Your reply must contain the lines from the one with "My Landlady Noona Chapter 156.5" through the last line of the material, exact and complete, with no pictures and no other text.

*** Opening of Records supplied ***

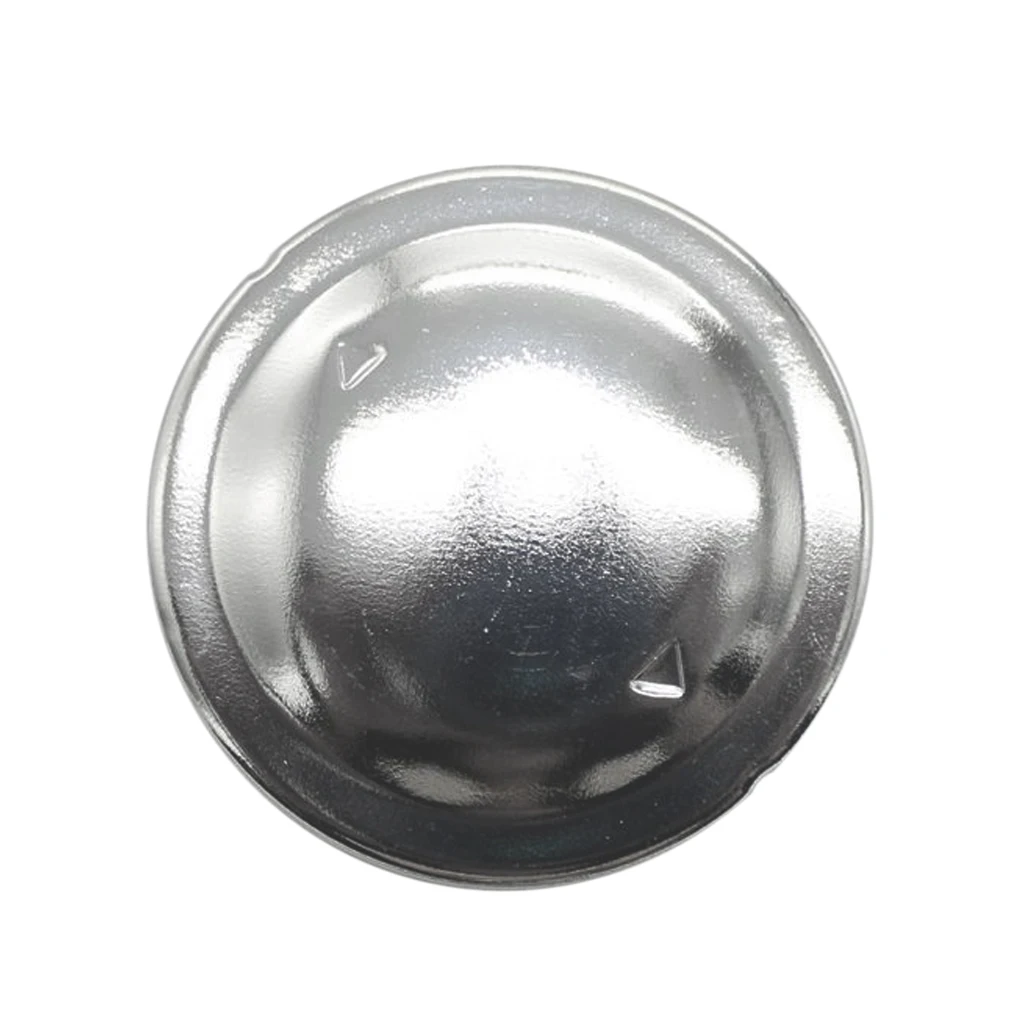 New Fuel Gas Cap For GY6 125CC 125cc Moped Scooter Motorcycle Tank (Silver)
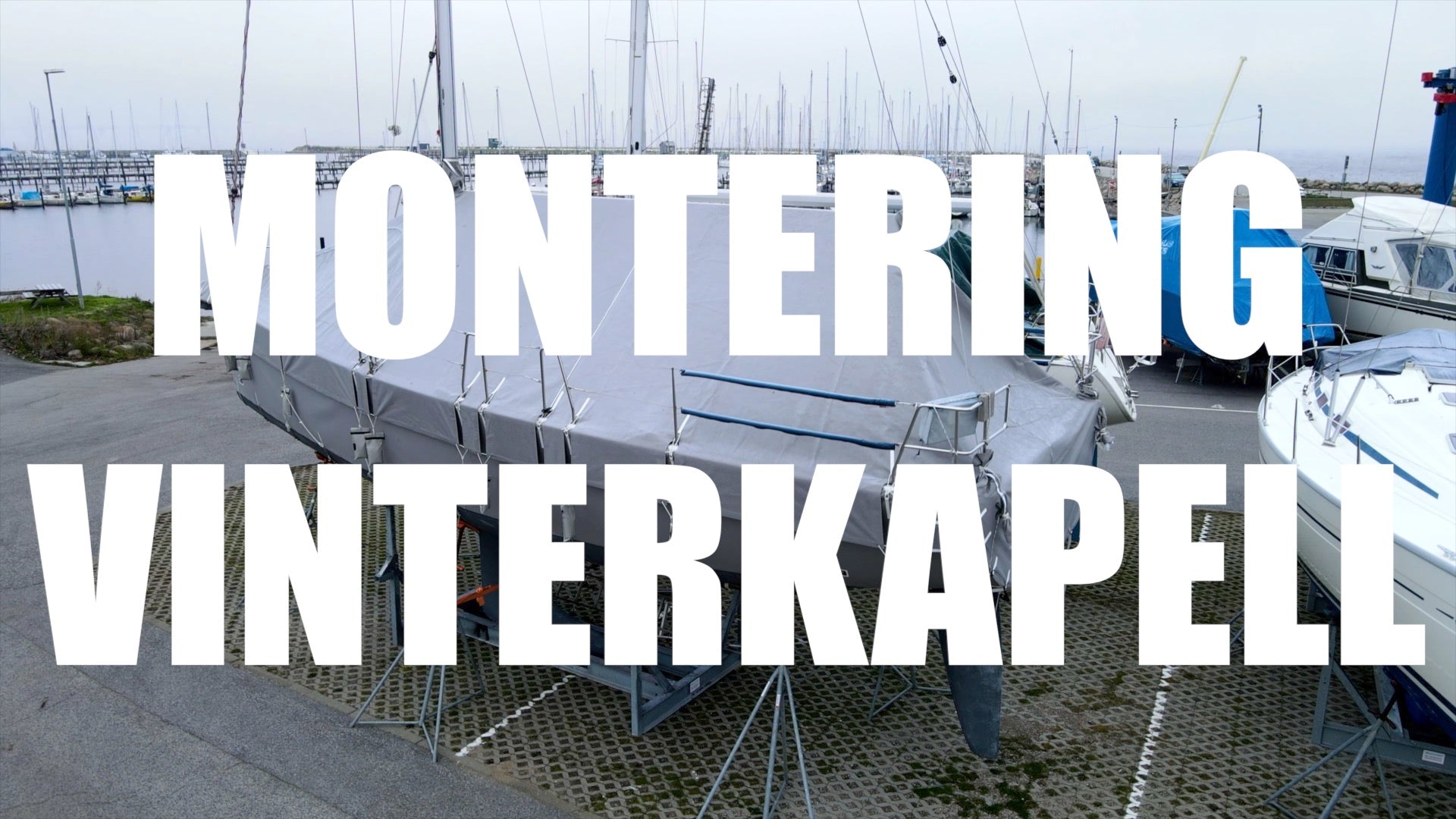 Video laden: Montage der Winterabdeckung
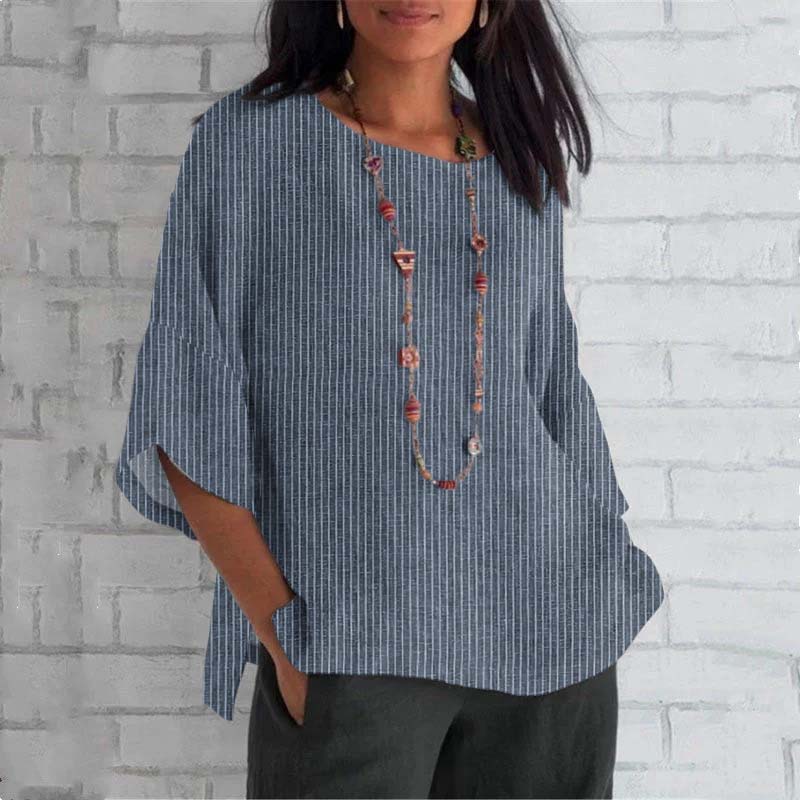 Klassische Vintage Bluse
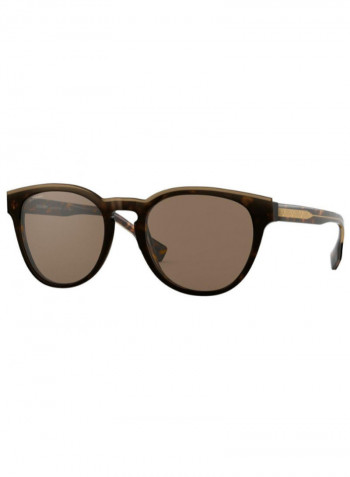 Men's Full Rim Wayfarer Sunglasses - Lens Size: 54 mm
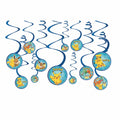 Buy Pokemon™ Spiral Decorations for only $8.09 byAmscan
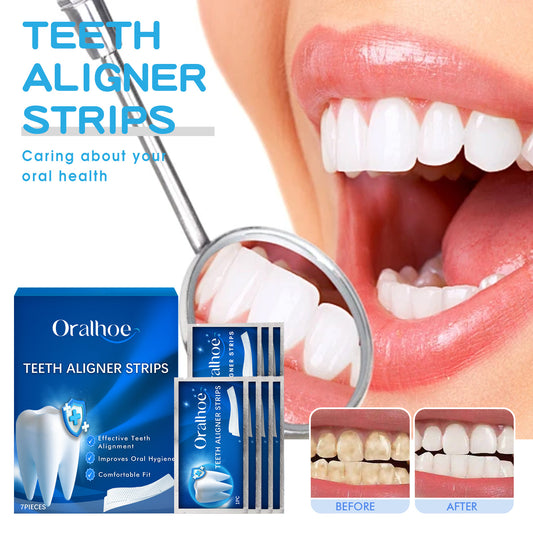 EELHOE Teeth Whitening Strips – Plaque & Stain Removal (7 Pieces) EELHOE COSMETICS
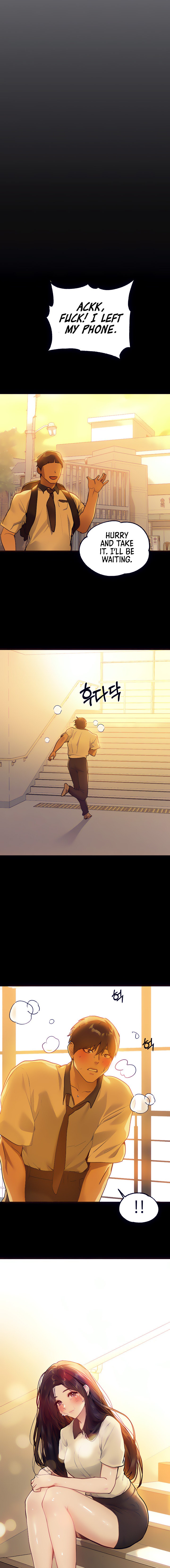 My Landlady Noona Chapter 156.5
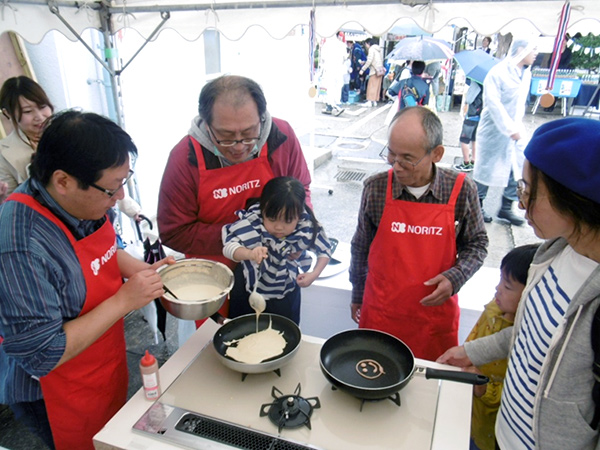 地域イベントへの参加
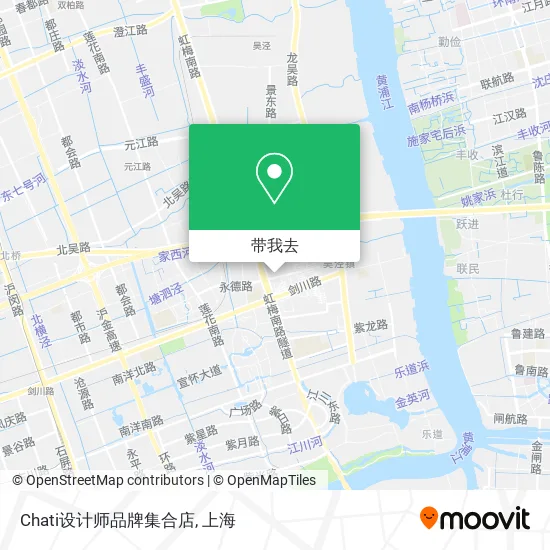 Chati设计师品牌集合店地图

*** Close of Records supplied ***

Finished task:
 My Landlady Noona Chapter 156.5
 地域イベントへの参加
 Chati设计师品牌集合店地图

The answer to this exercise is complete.